== Recorded data ==

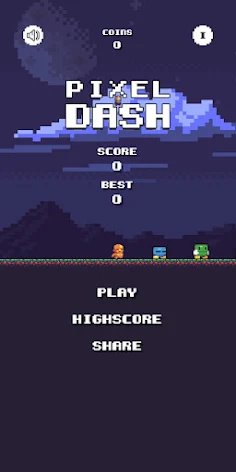 Dots Dash - Screenshot 2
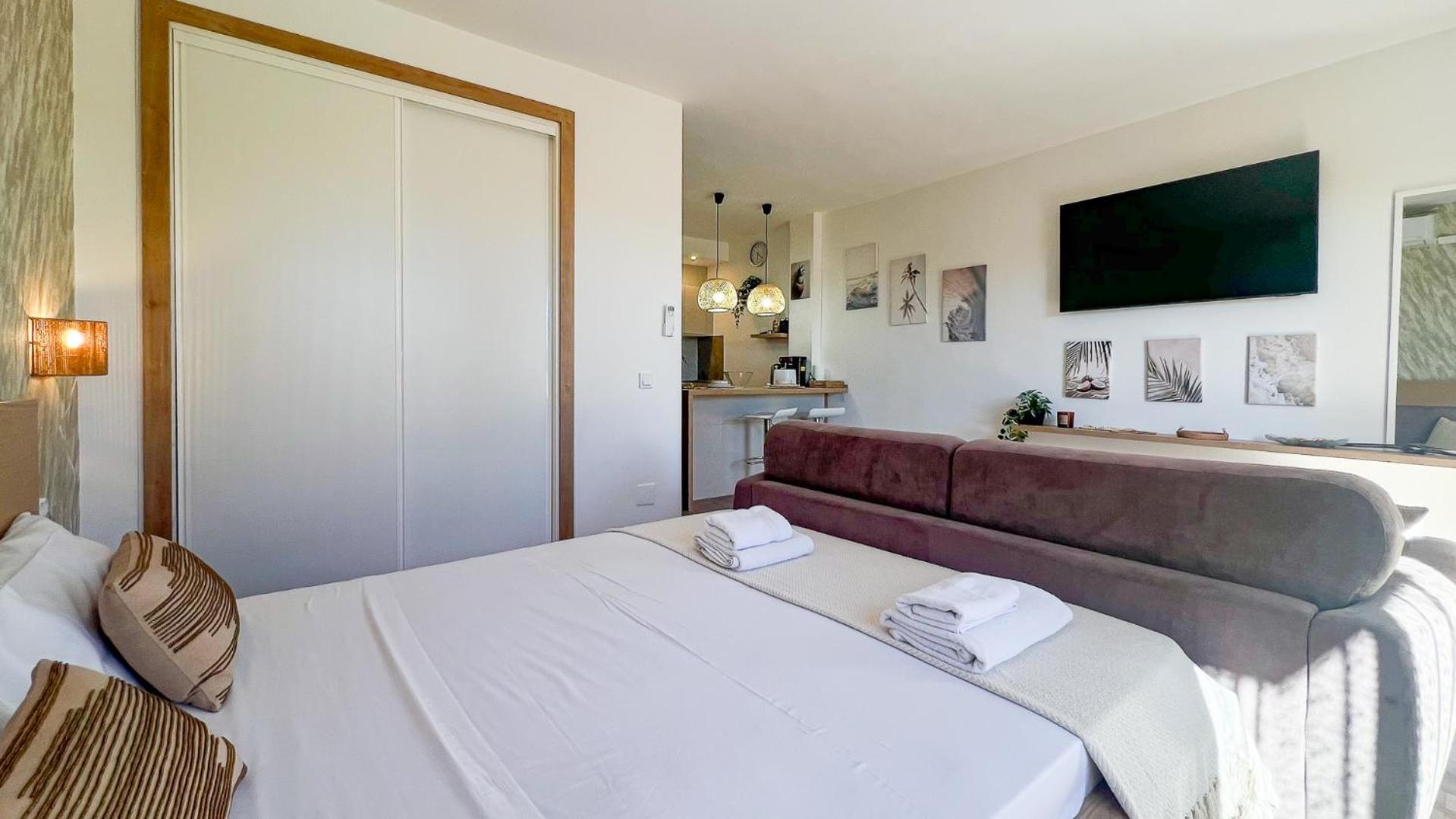 Oleholidays 806 Romana Playa Primera Linea De Playa Marbella Ngoại thất bức ảnh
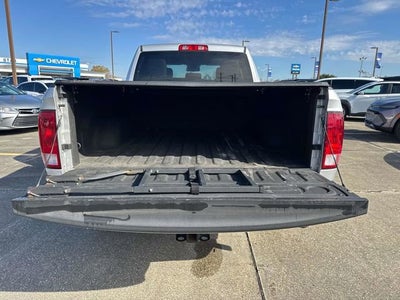2018 RAM 1500 Tradesman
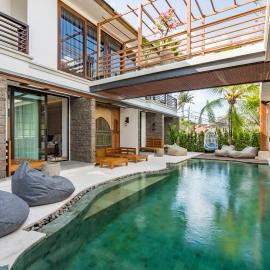 The Akasha Seminyak Bali Boutique Hotel, hotel a Seminyak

===

» **Exercise instructions**
Lines from the one with "Oleholidays 806 Romana" through the final line of the listing above: copy them exactly, both ends included, and omit every picture.

» **Answer section**
 Oleholidays 806 Romana Playa Primera Linea De Playa Marbella Ngoại thất bức ảnh
2018 RAM 1500 Tradesman
 The Akasha Seminyak Bali Boutique Hotel, hotel a Seminyak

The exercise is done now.